[RFC,bpf-next,v2,4/4] bpf: Introduce BPF_MA_REUSE_AFTER_RCU_GP

From: Hou Tao <houtao1@huawei.com>

From: Hou Tao <houtao1@huawei.com>

Currently the freed objects in bpf memory allocator may be reused
immediately by new allocation, it introduces use-after-bpf-ma-free
problem for non-preallocated hash map and makes lookup procedure
return incorrect result. The immediate reuse also makes introducing
new use case more difficult (e.g. qp-trie).

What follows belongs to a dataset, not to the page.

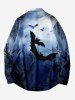 Chemise D'Halloween Boutonnée Lune Arbre et Galaxie Imprimés de Grande Taille avec Bouton - Bleu 2XL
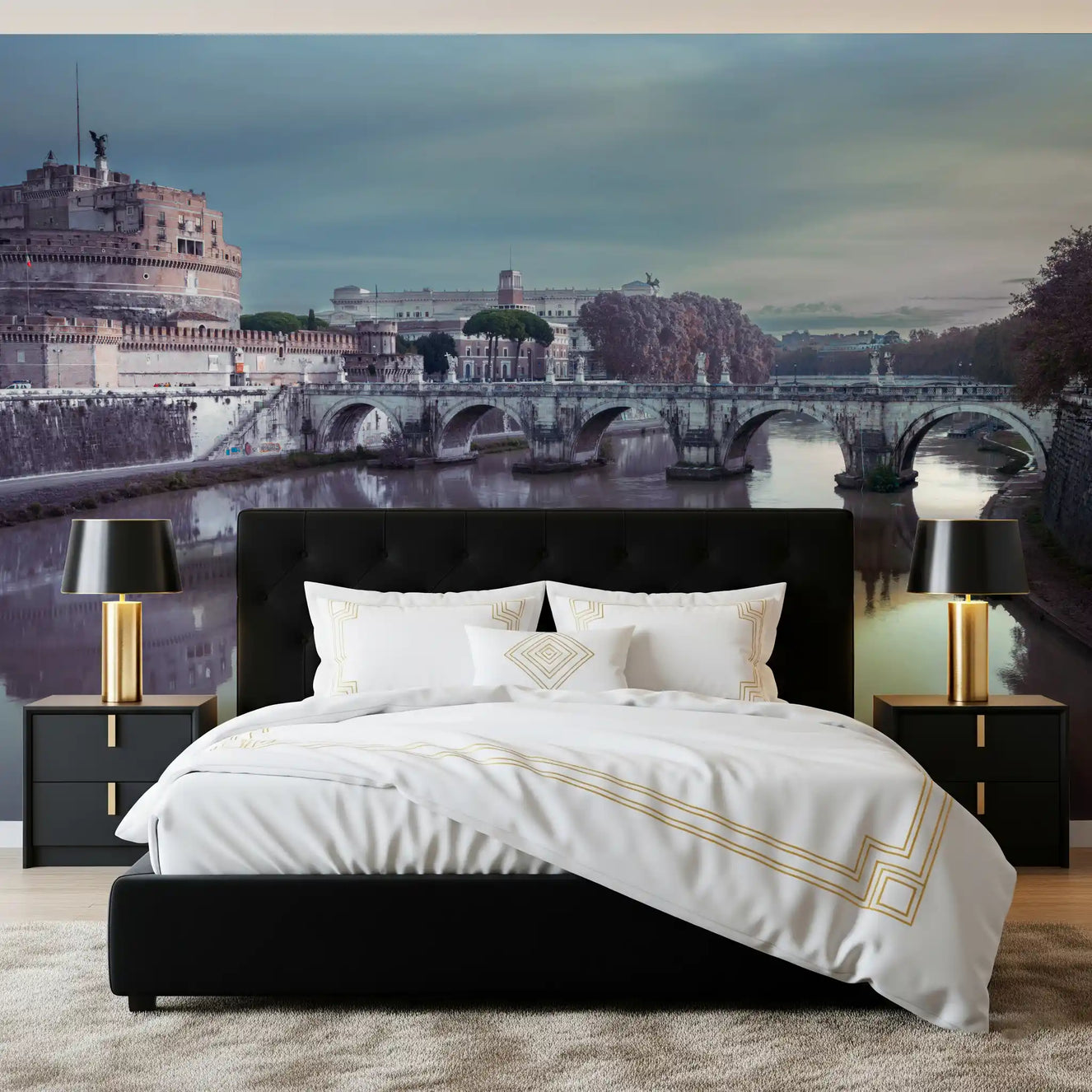 Late-day calm wraps a bedroom in the Castel Sant'Angelo wall mural.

So introduce BPF_MA_REUSE_AFTER_RCU_GP to solve these problems. For
BPF_MA_REUSE_AFTER_GP, the freed objects are reused only after one RCU
grace period and may be returned back to slab system after another
RCU-tasks-trace grace period. So for bpf programs which care about reuse
problem, these programs can use bpf_rcu_read_{lock,unlock}() to access
these freed objects safely and for those which doesn't care, there will
be safely use-after-bpf-ma-free because these objects have not been
freed by bpf memory allocator.

To make these freed elements being reusab quickly, BPF_MA_REUSE_AFTER_GP
dynamically allocates memory to create many inflight RCU callbacks to
mark these freed element being reusable. These memories used for
bpf_reuse_batch will be freed when these RCU callbacks complete. When no
memory is available, synchronize_rcu_expedited() will be used to make
these freed element reusable. In order to reduce the risk of OOM, part
of these reusable memory will be freed through RCU-tasks-trace grace
period. Before these freeing memories are freed, these memories are also
available for reuse.

The following are the benchmark results when comparing between different
flavors of bpf memory allocator. These results show:
* The performance of reuse-after-rcu-gp bpf ma is good than no bpf ma.
  Its memory usage is also good than no bpf ma except for
  add_del_on_diff_cpu case.
* The memory usage of reuse-after-rcu-gp bpf ma increases a lot compared
  with normal bpf ma.
* The memory usage of free-after-rcu-gp bpf ma is better than
  reuse-after-rcu-gp bpf ma, but its performance is bad than
  reuse-after-ruc-gp because it doesn't do reuse.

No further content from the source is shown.